This is a static archive of our old OpenStreetMap Help Site. Please post any new questions and answers at community.osm.org.

Nominatim Server on GCP VM Stalls When Doing Batch Geocoding Through Multiprocessing

Hello all,

I really need help on this front! I've set up a Nominatim Server on GCP's Compute Engine. It works ok enough, but now I have 100 million unique addresses that I need to forward-geocode through my service, and I'm trying to use multiprocessing to speed things up - even 100 addresses processed simultaneously stalls the service. My VM has 128 GB of RAM & 24 CPUs. I followed the configuration recommendations from the installation guide. Does anyone have any best practices for setting up the service for handling HUGE bulk-loads? Would switching from apache to nginx help?

Reproduceable Code Example in Python:

from joblib import Parallel, delayed
from multiprocessing import cpu_count
from geopy.geocoders import Nominatim
from collections import defaultdict

def geopy_parse(address_str):
    """
    Use Custom Nominatim Server to Extract 
    Country, Locality and Region from Unstructured Address
    """
    osm = Nominatim(domain="<url>", scheme="http", timeout=10000)
    result = osm.geocode(address_str, language='en', addressdetails=True)
    if result is not None:
        return defaultdict(lambda: None, result.raw['address'])
    else:
        return None

addresses = ['Vancouver BC Canada']*100
Parallel(n_jobs=cpu_count())(delayed(geopy_parse)(a) for a in addresses)

python parallelization nominatim multiprocessing

asked 20 Sep '20, 23:58

rirhun
26●5●5●9
accept rate: 0%

edited 20 Sep '20, 23:59

One Answer:

For installations with a high load, you should switch your server at least to php-fpm. In my experience it is also worth switching to nginx, as it is much better in coping with many parallel requests. Your system setup should be able to manage 600 request/s. (It depends on how the VM is set up, in particular, how fast is access to the disks.)

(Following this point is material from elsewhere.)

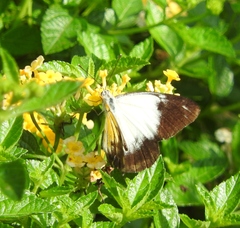 Belenois java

On a general note: it is not really worth increasing the number of parallel requests infinitely. Your server has a fixed number of CPUs and that limits the number of parallel work you can do. Too many parallel request and they get in each other's way, which actually slows you down. In your case I would expect that beyond 50 parallel requests you won't see much increase in throughput.

answered 21 Sep '20, 09:09

lonvia
6.2k●2●57●89
accept rate: 40%

Thanks for the insightful response - I'm using an SSD so access to disk should be relatively fast I believe. I tried looking into nginx and it wasn't working - the server kept complaining "file not found" w/ regards to the php-fpm.socket even though the path to the socket was correct.

(21 Sep '20, 17:55) rirhun